The question is: “How do I make them understand what we are doing, and to create a system that helps with our total workflow without becoming a hindrance?”
“Just look at other areas of health care,” continues Lee. “IT people say, ‘We understand you have to digitize health care and need electronic medical records; we’ve got it covered.’ But then ask doctors; few like their electronic records system. IT people created systems where doctors spend more time typing than practicing medicine with patients.”
Lee calls this an “illogical knowledge translation” and “a blocker that must be avoided as biopharma enters a fuller digital transformation.”
Unfortunately, according to a recent McKinsey study, in terms of “digital maturity,” the pharmaceutical industry is next to last among eight major industries studied, only ahead of public sectors.
“We need the combination of deep pharma domain knowledge and improved IT implementation,” says Lee. “Having a supply-chain platform friendly to domain experts is essential in unlocking the value of know-how trapped inside their heads – wherever they reside.”

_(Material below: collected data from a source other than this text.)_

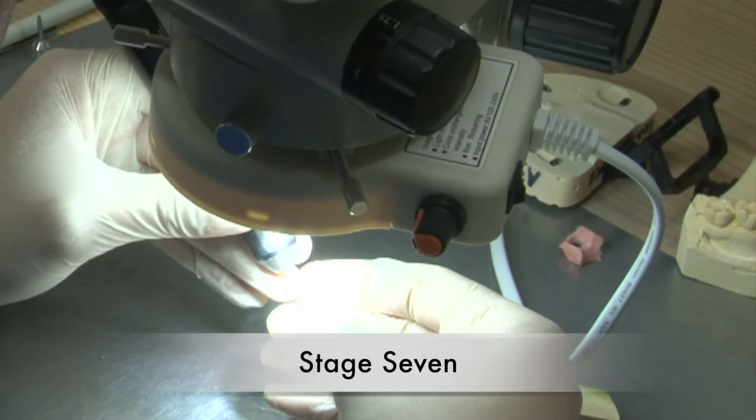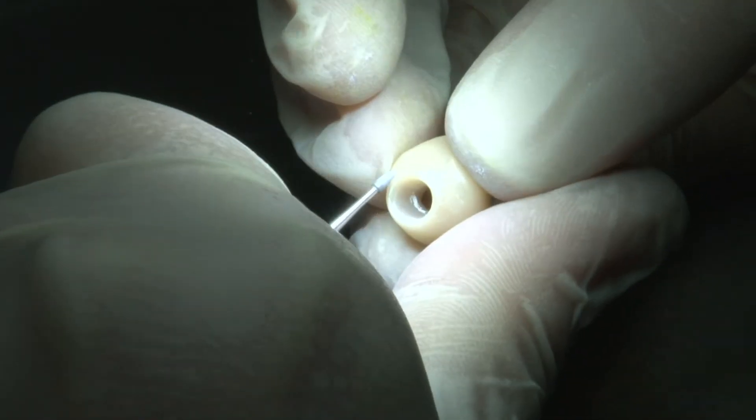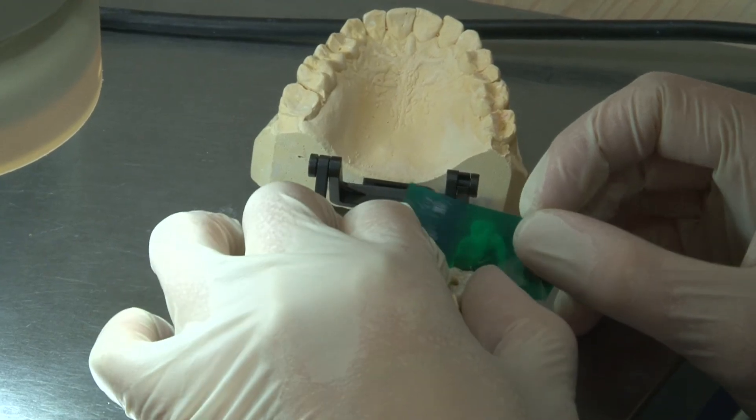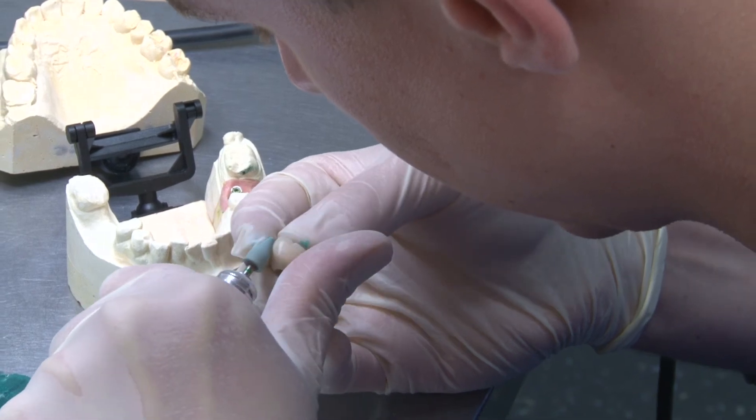The zirconia restoration is then fitted by the technician to the model with a prepared natural tooth or implant. It is then stained and glazed using special materials. In the final step, the restoration passes through quality control and is finally fitted.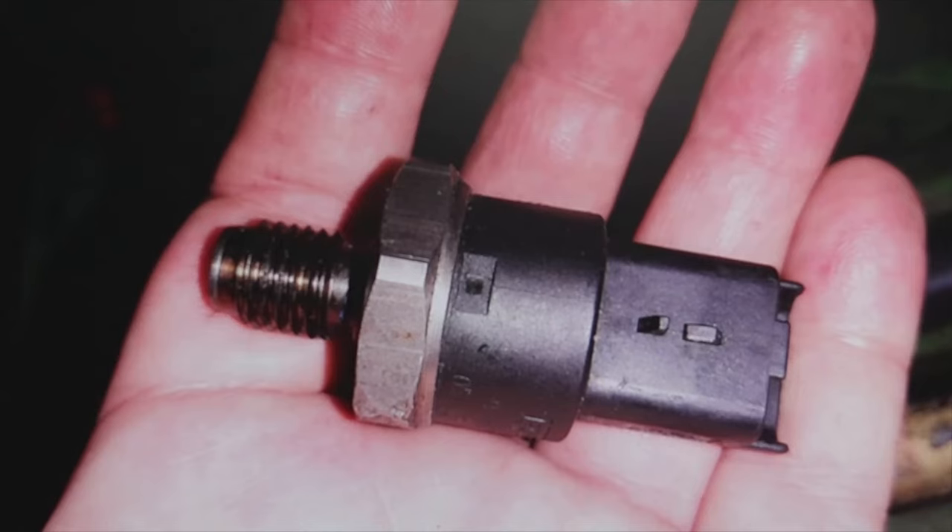Welcome to a new video of the parts channel, answering a question that you have left. In a vehicle that sometimes jerks and lacks power when putting it into gear — the fuel pressure sensor failed, the ramp sensor. Well, this I have here in my hand is a ramp pressure sensor.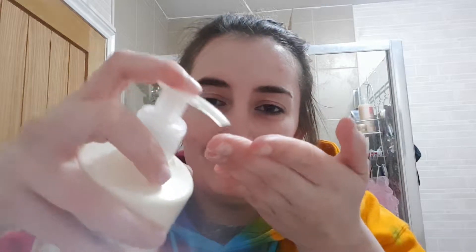The final step I'm going to show you in this video is moisturizing my skin. For this I'm using the Soap and Glory Deep Moisture Body Milk. I pump a little bit onto my fingers and then just rub it into my skin.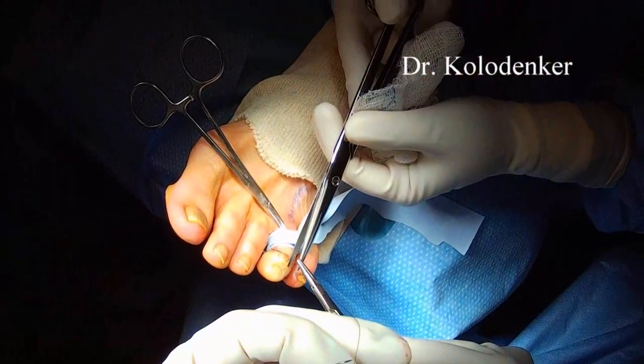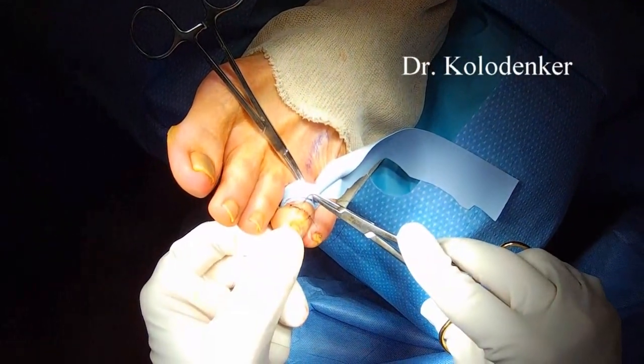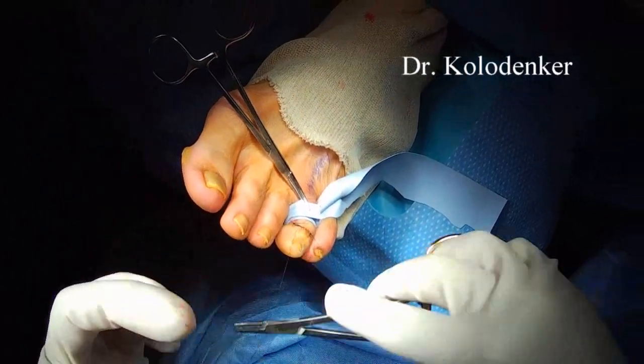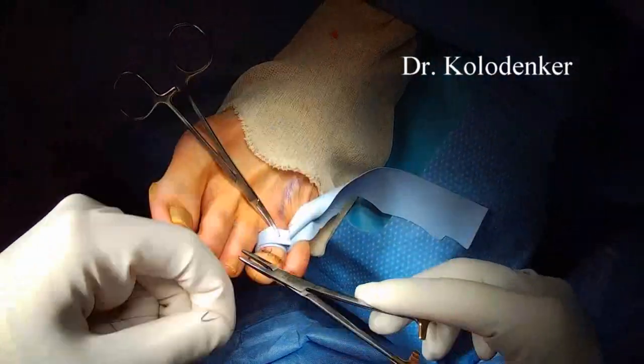Irrigate with copious amounts of fluid and then start suturing up. You can use a deep suture — typically I'll use monocryl — and then close the skin with nylon. Simple sutures are ideal, and they can be removed in about two weeks.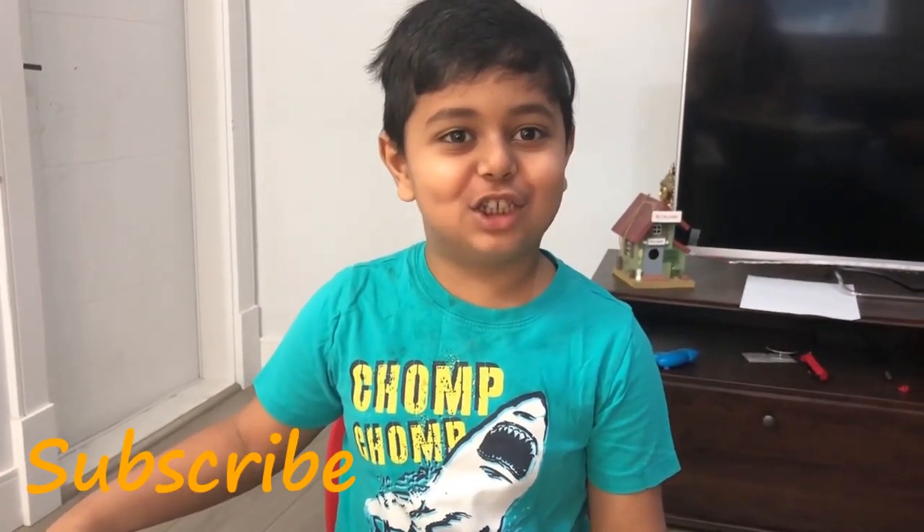If you're watching my video, please like and share. Bye bye!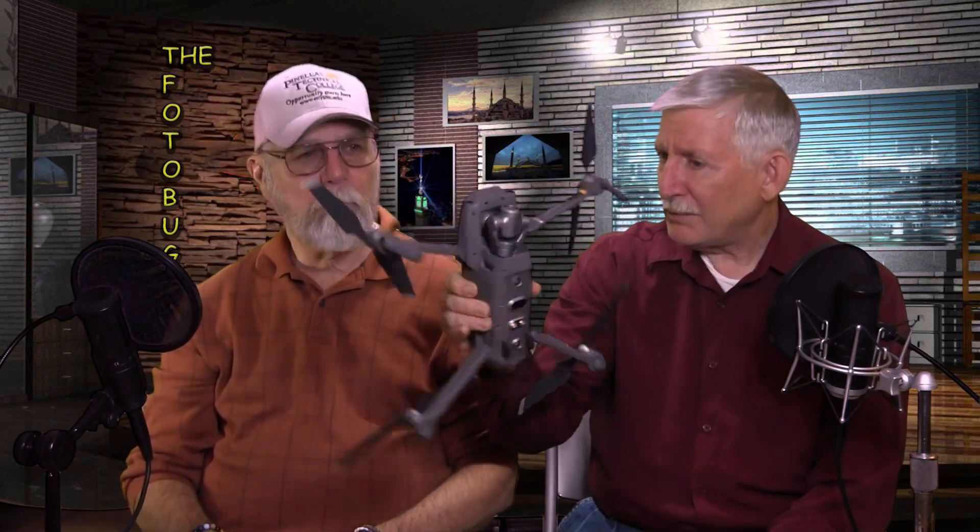Drones give you video and stills from vantage points that would otherwise require a bucket truck or crane — as long as you're flying legally. They also should have added zoom capability to the Hasselblad model; at minimum that would have been a better option than forcing buyers to choose between two separate models with identical drones. Why buy two when all you want is a different camera?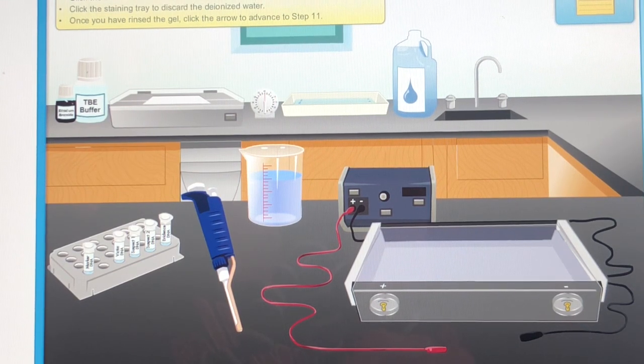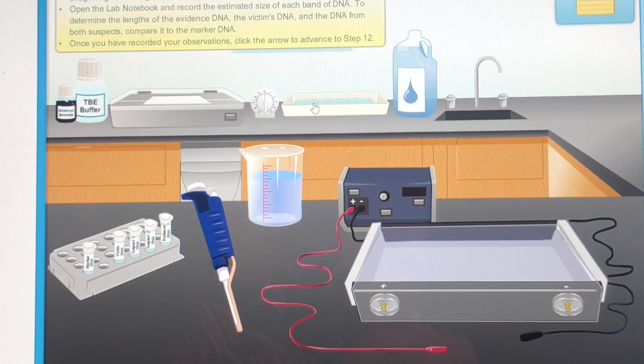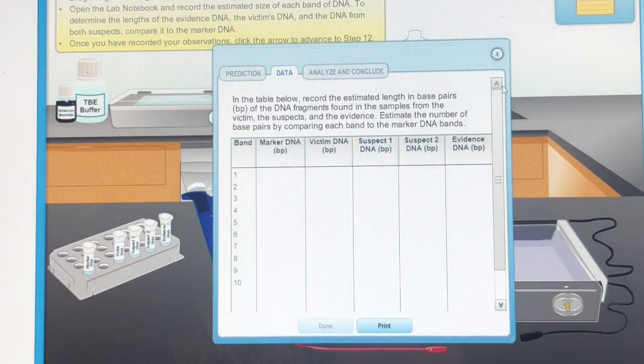Click the deionized water to rinse the gel and allow it to stand for 30 minutes. Click the staining tray to discard the deionized water. Once you have rinsed the gel, drag the gel to the light box and click on in order to read the gel. Open the lab notebook and record the estimated size of each band of DNA. To determine the length of the evidence DNA, the victim's DNA, and the DNA from both suspects, compare it to the marker DNA.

Caywon believes one bridge between domain knowledge and IT builders could be in software applications for blockchain technology, such as one called Crowd Machine. The creators of Crowd Machine and Caywon recently announced a collaboration that Lee tells me will allow “development projects to be effectively decentralized, and the traditional corporate, national and IP boundaries should no longer be limiting factors for how parties can work together.”
Starting In The U.S. And China
Initially, Caywon will focus on developing generic-drug assets where the company can “take advantage of China-US dual filings.”
According to Lee, more lenient drug filings have resulted from changes in China’s pharmaceutical regulations regarding “virtual drug development,” and allow a developer to hold a drug license without owning a manufacturing facility in China.
Caywon looks to become one of the first drug companies to take advantage of this new environment – with the blockchain model. Caywon will focus efforts on “product definition, project management, and dispersed outsourced manufacturing, to assemble a diverse portfolio of drug products that would not be possible under conventional models.”
More expansively, Lee envisions a future biopharma industry where many organizations can advance “a distributed partnering model for supply-chain workflow that can be re-configured on-the-fly.” At the same time, these companies will “maintain the highest level of data integrity, manufacturing quality, and product safety through the use of blockchain technologies.”
“Eventually,” says Lee, “we hope blockchain becomes commonplace, and actuates an all-encompassing vision to include end-to-end drug development and manufacturing. But that is not going to happen overnight. So right now we're focusing on our initial mission. We’ll see in a few years times where we can go from there.”